Baca: Tiba di Jakarta, The Script Nikmati Nasi Goreng dan Sate
Danny pun sempat membuka konser dengan sapaan berbahasa Indonesia. “"Gimana? Apa yang kalian rasakan malam ini? Cinta mati, cinta mati,” tuturny berusaha tak terbata-bata.
Lebih-lebih saat hampir satu jam band asal Dublin, Irlandia ini menghentak ruangan Kasablanka Hall, di Mal Kasablanka. Saat area panggung gelap, tiba-tiba saja para personil The Script muncul dari pintu di area festival.
Kehadiran mereka sontak membuat para penonton segera bergeser.
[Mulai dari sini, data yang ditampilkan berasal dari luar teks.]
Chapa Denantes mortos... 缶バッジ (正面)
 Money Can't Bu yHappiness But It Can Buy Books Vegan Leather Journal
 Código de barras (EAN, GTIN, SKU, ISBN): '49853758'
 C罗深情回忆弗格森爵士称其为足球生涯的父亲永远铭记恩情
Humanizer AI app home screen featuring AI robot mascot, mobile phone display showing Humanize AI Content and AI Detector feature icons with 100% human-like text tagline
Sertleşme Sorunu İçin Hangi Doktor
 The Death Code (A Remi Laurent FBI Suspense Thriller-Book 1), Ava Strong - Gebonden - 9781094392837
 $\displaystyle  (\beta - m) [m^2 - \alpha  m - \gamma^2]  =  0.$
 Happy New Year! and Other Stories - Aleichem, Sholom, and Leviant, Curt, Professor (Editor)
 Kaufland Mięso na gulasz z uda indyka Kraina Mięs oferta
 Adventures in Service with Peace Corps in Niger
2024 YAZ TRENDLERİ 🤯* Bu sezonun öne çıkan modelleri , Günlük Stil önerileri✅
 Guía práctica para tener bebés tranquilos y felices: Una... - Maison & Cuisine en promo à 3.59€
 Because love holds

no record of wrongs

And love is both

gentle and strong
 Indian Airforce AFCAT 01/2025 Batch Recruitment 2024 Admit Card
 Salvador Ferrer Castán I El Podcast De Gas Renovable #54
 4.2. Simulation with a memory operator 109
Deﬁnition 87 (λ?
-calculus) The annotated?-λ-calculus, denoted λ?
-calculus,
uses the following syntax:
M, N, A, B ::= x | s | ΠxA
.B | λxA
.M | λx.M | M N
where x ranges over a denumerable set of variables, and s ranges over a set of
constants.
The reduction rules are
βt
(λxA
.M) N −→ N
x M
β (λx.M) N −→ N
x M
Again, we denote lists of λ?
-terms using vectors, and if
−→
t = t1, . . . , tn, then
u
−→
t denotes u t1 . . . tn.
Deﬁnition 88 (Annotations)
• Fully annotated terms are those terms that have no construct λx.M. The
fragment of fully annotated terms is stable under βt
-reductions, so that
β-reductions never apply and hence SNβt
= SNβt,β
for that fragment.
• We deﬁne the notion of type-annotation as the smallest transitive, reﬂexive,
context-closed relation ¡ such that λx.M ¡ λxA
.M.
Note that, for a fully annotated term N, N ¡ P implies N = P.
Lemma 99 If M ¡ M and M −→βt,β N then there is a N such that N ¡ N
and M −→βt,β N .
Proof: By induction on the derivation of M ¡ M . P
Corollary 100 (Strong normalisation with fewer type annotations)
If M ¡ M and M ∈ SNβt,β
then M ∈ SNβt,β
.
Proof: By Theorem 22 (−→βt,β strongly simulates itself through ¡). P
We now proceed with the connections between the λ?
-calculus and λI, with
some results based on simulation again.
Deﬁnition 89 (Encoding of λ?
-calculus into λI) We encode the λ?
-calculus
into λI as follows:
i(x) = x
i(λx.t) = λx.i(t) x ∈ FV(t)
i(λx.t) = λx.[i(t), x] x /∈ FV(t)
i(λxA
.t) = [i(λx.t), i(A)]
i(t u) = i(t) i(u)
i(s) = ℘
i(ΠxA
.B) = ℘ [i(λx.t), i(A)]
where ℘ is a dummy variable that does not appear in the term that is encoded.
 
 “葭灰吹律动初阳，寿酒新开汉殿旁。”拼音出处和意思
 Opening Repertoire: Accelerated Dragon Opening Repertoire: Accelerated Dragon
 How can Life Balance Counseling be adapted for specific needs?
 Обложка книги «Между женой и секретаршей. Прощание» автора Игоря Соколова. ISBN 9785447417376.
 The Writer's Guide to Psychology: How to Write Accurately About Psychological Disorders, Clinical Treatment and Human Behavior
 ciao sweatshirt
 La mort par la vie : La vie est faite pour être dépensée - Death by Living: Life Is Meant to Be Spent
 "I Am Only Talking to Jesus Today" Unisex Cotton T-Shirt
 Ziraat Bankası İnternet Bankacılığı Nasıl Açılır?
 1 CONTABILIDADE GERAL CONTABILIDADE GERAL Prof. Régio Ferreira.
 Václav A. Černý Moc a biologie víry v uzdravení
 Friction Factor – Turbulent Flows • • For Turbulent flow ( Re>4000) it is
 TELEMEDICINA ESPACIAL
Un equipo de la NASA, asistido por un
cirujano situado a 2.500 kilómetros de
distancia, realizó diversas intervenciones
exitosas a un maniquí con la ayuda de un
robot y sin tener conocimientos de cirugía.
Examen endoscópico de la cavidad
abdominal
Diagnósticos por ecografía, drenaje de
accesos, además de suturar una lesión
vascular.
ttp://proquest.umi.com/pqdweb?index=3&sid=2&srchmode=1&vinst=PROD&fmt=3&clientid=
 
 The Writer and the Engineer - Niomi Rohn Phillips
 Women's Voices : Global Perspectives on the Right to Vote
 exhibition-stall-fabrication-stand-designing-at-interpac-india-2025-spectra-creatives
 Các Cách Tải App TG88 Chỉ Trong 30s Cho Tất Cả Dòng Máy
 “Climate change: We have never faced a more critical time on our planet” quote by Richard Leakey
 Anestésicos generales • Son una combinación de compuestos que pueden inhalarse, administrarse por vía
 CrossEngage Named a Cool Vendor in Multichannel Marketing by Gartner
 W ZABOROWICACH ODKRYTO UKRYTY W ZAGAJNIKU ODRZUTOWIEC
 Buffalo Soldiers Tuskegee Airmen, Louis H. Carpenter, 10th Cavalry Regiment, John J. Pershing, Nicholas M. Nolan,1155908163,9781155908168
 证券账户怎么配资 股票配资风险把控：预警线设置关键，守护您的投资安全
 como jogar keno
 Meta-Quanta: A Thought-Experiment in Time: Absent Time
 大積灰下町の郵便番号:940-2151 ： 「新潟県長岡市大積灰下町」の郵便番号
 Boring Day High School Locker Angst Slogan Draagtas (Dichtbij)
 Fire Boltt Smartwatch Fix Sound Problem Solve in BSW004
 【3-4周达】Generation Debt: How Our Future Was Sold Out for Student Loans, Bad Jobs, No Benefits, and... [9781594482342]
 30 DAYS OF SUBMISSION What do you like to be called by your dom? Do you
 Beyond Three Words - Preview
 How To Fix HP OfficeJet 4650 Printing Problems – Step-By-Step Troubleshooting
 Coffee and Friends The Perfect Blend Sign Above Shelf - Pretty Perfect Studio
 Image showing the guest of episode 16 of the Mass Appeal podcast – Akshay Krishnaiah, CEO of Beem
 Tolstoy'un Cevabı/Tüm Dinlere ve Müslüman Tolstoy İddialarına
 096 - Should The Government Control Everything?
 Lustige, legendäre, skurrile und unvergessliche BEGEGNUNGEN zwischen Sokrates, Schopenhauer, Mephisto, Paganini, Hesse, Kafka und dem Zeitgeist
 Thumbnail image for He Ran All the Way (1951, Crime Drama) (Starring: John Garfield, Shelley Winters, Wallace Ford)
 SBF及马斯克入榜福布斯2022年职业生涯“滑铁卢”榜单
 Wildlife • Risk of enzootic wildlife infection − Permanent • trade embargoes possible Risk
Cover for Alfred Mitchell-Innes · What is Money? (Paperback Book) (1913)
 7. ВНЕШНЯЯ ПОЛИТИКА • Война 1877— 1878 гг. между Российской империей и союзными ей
Tak Cuma itu, Danny O'Donoghue pun sempat mengganti pakaiannya dengan batik bernuansa cokelat dan kuning. Mereka membawakan lagu If You Ever Comeback yang berasal dari album Science & Faith yang dibawakan dalam nuansa akustik diiringi beatbox asal Indonesia. Lagu berganti ke Never Seen Anything Quite Like You, suasana panggung dengan pencahayaan minimalis dengan lagu seliris ini harusnya menghadirkan nuansa yang syahdu, namun lagi-lagi harus kalah dengan jerit histeris penonton.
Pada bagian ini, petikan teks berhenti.